## Exercise directions
Your answer must be the exact lines below, starting with the line with "Slide: The Image" and going on through the line with "1735 South 23rd", both included, with no pictures.

## Records for the task
-- Opening Marker --

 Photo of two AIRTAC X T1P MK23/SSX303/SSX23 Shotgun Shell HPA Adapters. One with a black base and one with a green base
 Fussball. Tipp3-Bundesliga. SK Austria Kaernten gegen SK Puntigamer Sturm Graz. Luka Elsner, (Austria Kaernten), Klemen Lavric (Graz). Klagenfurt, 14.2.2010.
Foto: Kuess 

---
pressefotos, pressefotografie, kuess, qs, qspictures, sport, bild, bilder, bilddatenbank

-- Closing Marker --
-- Opening Marker --

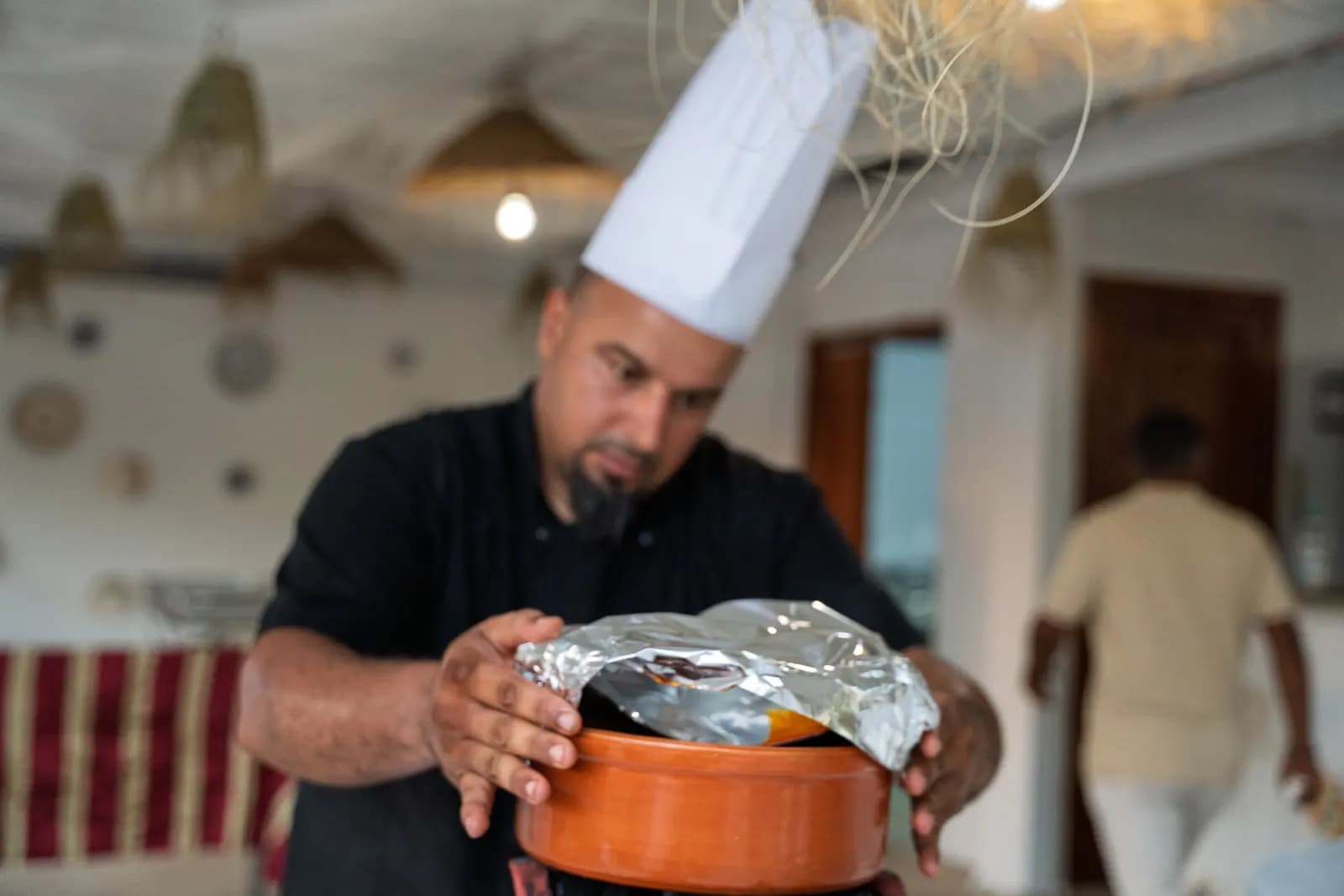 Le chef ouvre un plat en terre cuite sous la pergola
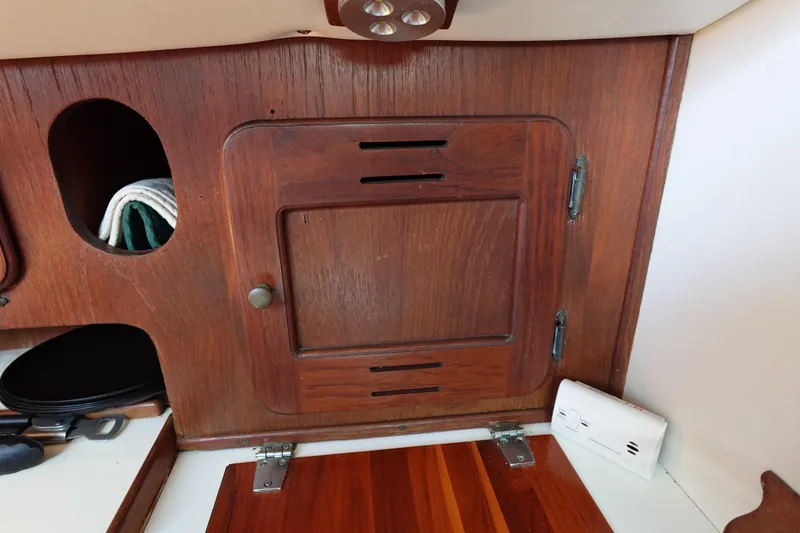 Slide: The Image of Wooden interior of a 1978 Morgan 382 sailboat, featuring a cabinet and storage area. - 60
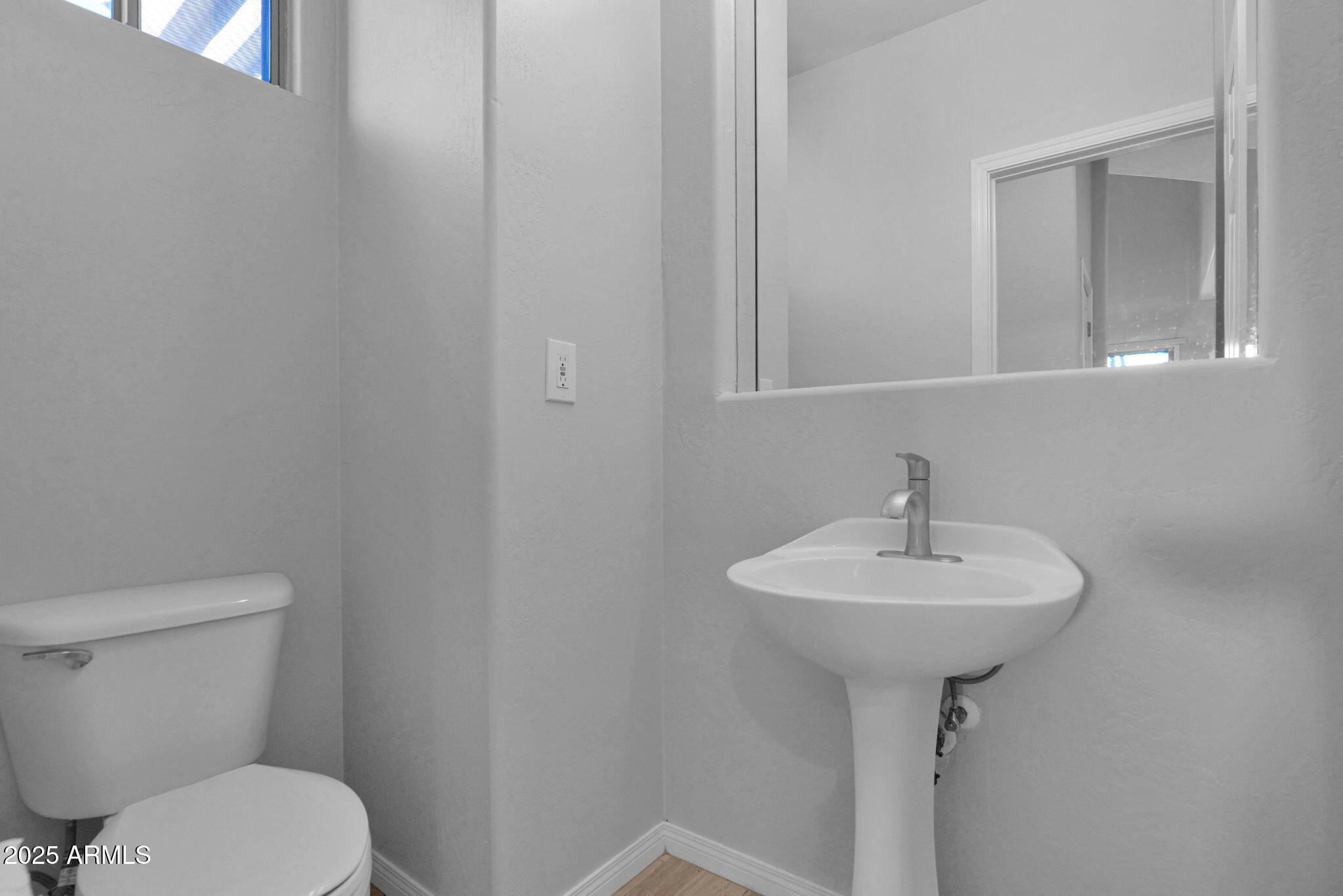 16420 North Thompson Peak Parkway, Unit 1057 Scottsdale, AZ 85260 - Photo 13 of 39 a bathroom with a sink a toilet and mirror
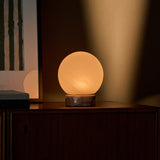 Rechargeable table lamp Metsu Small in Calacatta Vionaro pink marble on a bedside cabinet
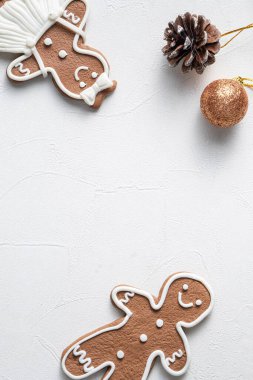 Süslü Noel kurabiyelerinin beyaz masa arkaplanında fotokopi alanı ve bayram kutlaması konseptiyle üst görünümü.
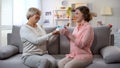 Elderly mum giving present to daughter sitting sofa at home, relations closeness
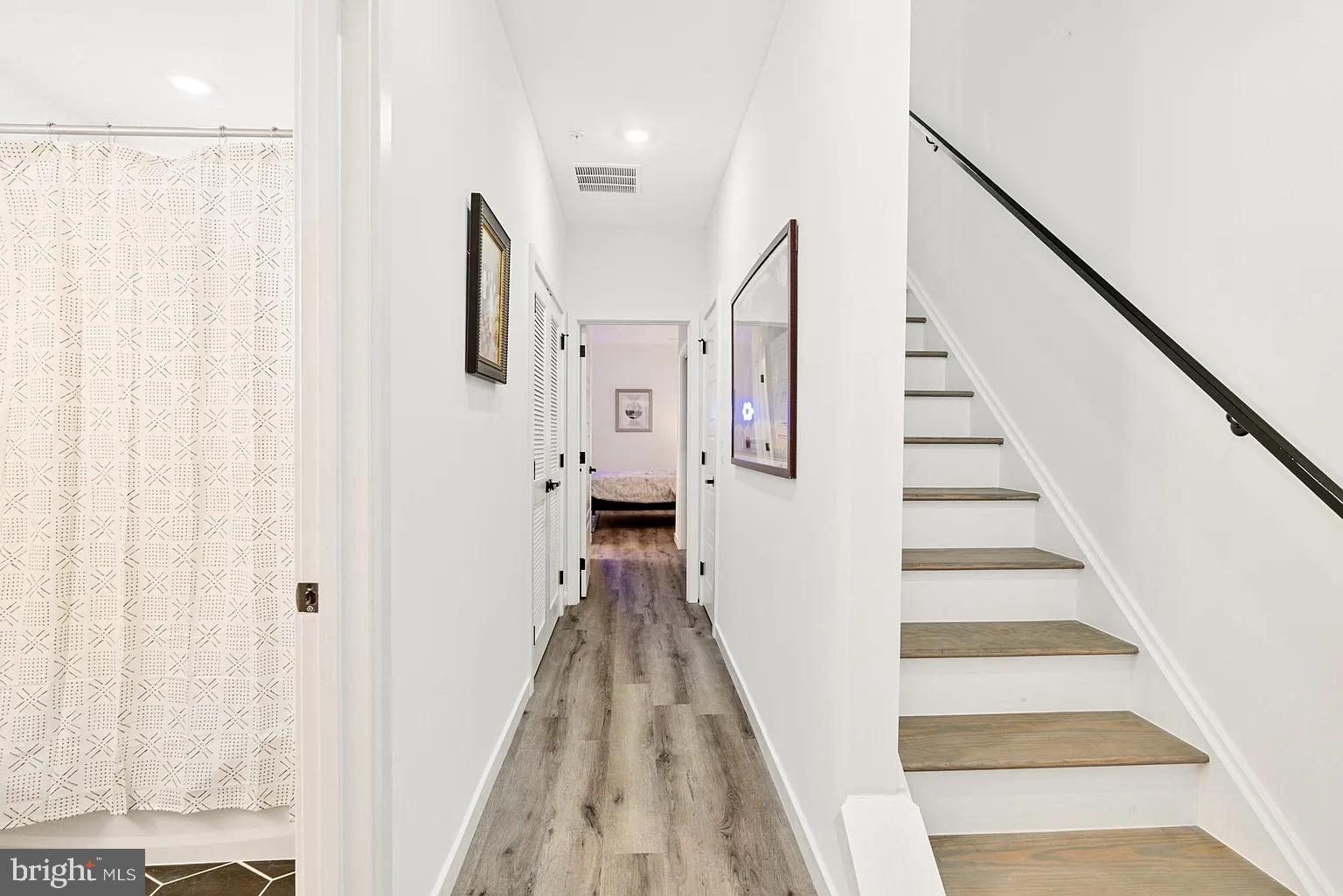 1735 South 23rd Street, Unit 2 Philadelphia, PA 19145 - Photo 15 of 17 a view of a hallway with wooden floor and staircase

-- Closing Marker --

## Output for this task
 Slide: The Image of Wooden interior of a 1978 Morgan 382 sailboat, featuring a cabinet and storage area. - 60
 16420 North Thompson Peak Parkway, Unit 1057 Scottsdale, AZ 85260 - Photo 13 of 39 a bathroom with a sink a toilet and mirror
 Rechargeable table lamp Metsu Small in Calacatta Vionaro pink marble on a bedside cabinet
 Süslü Noel kurabiyelerinin beyaz masa arkaplanında fotokopi alanı ve bayram kutlaması konseptiyle üst görünümü.
 Elderly mum giving present to daughter sitting sofa at home, relations closeness
 1735 South 23rd Street, Unit 2 Philadelphia, PA 19145 - Photo 15 of 17 a view of a hallway with wooden floor and staircase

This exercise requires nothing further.